David Cook is a Republican politician elected to serve in the Arizona House of Representatives from the 7th legislative district. He was first elected to the state House in 2016 and represents central and eastern Pinal County and southern Gila County.

Early life and career 
Cook was born in Ponca City, Oklahoma. As a child, he was involved in 4-H and Future Farmers of America. He moved to Arizona in 1985 and graduated from Miami High School. Cook attended three community colleges: Eastern Arizona College, Rio Salado College, and Central Arizona College. Cook also attended Arizona State University's Certified Public Manager program. He worked for the Arizona Department of Corrections for 12 years. In 2000 he and his wife founded the DC Cattle Company.

Political career

Arizona House of Representatives 
In the House of Representatives Cook is a member of the committees on commerce; land, agriculture and rural affairs; military affairs and public safety; and transportation.

On June 7, 2021, Cook was the sole Republican to vote alongside every Democratic member of the House of Representatives against House Bill 2900, which would have established a 2.5% flat tax in Arizona, killing the bill.

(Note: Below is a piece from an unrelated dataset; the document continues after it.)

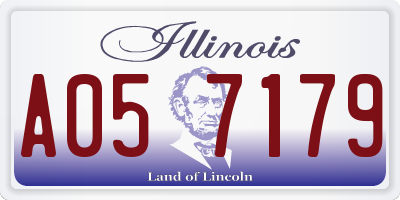 IL license plate A057179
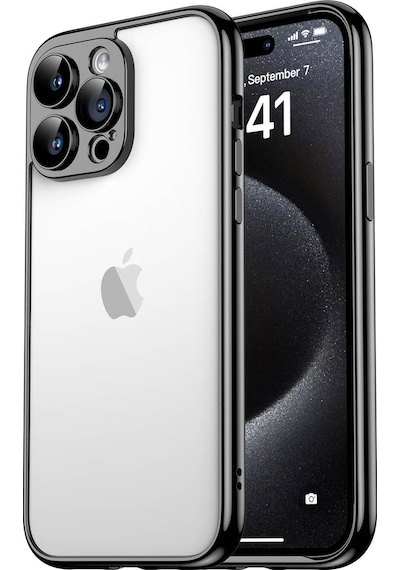 Apple iPhone 15 Pro Max Uyumlu Klfs Kamera Korumalı Bontez Bumper-gümüş Gümüş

2020 presidential election 

Following the 2020 United States presidential election, Cook supported the "Stop the Steal" movement which falsely claimed that Donald Trump won the election nationally and in Arizona.

Elections 
In 2016 Cook and incumbent T. J. Shope defeated Democratic Party candidate Carmen Casillas in the Arizona House of Representatives general election in Arizona's 8th legislative district. In 2020 Cook and Shope were elected over Casillas and fellow Democratic candidate Linda C. Gross. In 2020 Cook and fellow Republican candidate Frank Pratt were elected over Democratic candidates Sharon Girard and Cristefano Lessard.

Personal life 
Cook lives in Globe. He married his wife, Diana in 2000; the couple have two children. He is a member of the National Rifle Association and the Knights of Columbus.

2018 arrest 
On December 19, 2018, Cook was arrested for driving under the influence (DUI) by an Arizona Department of Public Safety trooper in Mesa, Arizona after the officer spotted Cook's vehicle moving out of its lane. When asked to step out of the vehicle, Cook responded with “Do you know what you’re doing, son? You’re making a mistake.”  Cook was arrested with a blood alcohol content of between 0.152 percent and  0.158 percent, well above the state limit of 0.08 percent.  When the officer informed Cook that he would lose his driver's license, he responded with "I’m fine; don’t worry, you’ll get yours".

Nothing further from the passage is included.